Listed records:
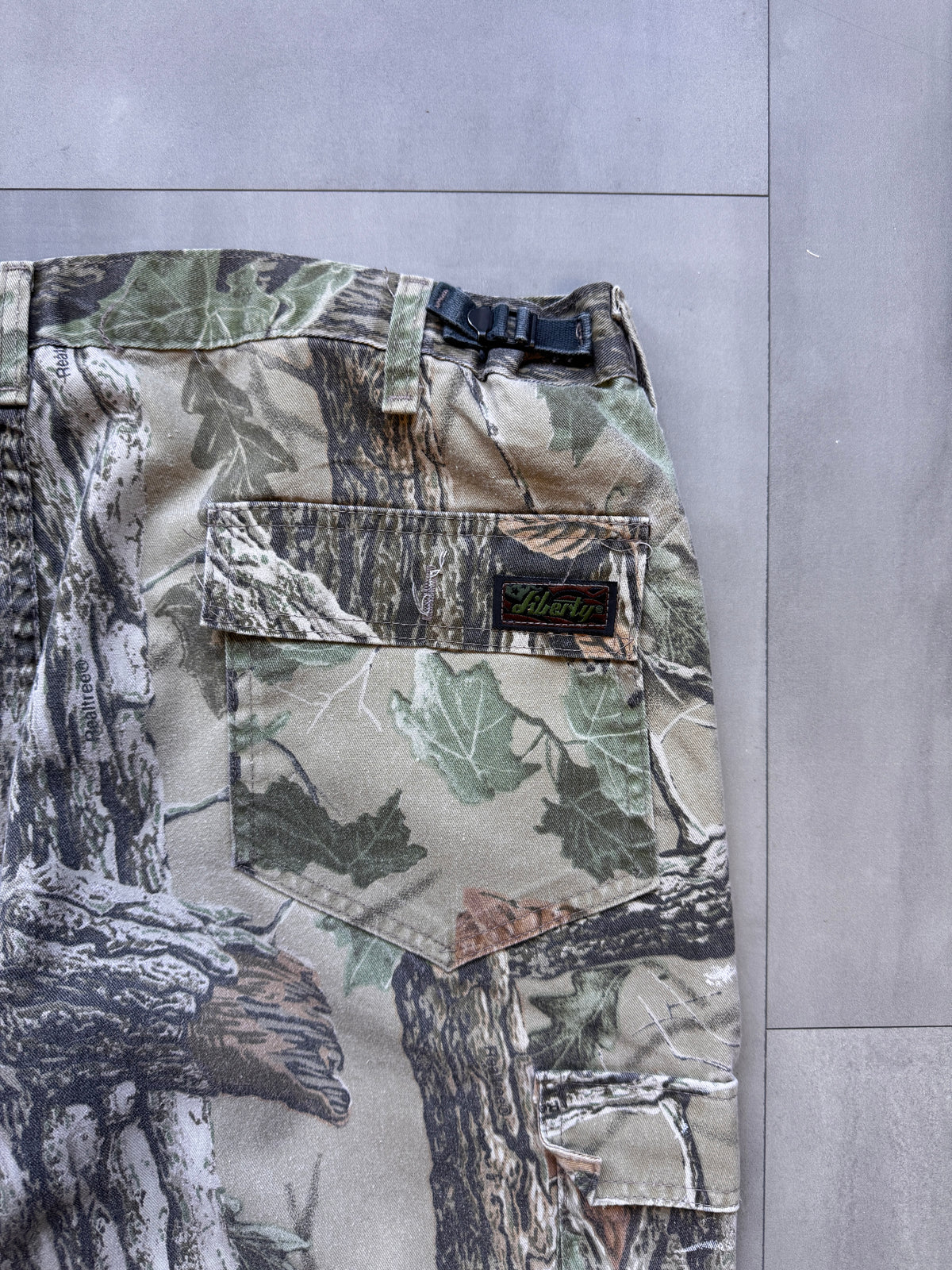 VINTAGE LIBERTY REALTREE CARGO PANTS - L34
==
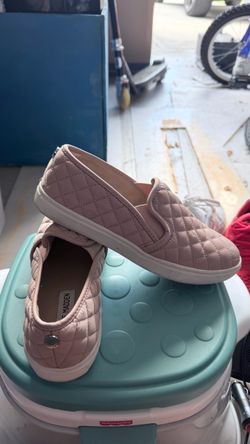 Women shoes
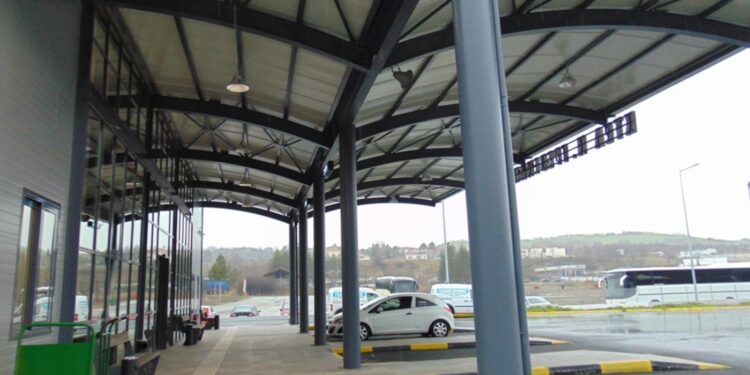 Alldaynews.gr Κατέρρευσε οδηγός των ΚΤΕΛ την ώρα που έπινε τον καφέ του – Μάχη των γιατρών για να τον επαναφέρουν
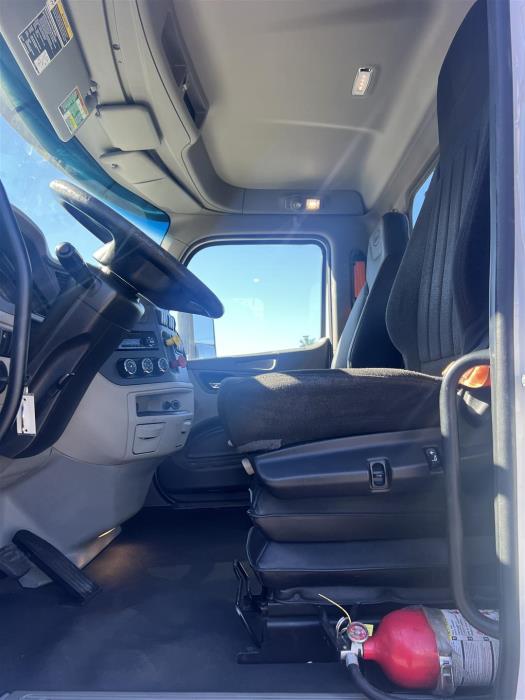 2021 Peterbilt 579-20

Exercise details: Set the pictures aside and transcribe exactly the stretch of lines above, beginning with the one holding "Women shoes" and ending with the one holding "2021 Peterbilt 579-20".

Exercise response:
 Women shoes
 Alldaynews.gr Κατέρρευσε οδηγός των ΚΤΕΛ την ώρα που έπινε τον καφέ του – Μάχη των γιατρών για να τον επαναφέρουν
 2021 Peterbilt 579-20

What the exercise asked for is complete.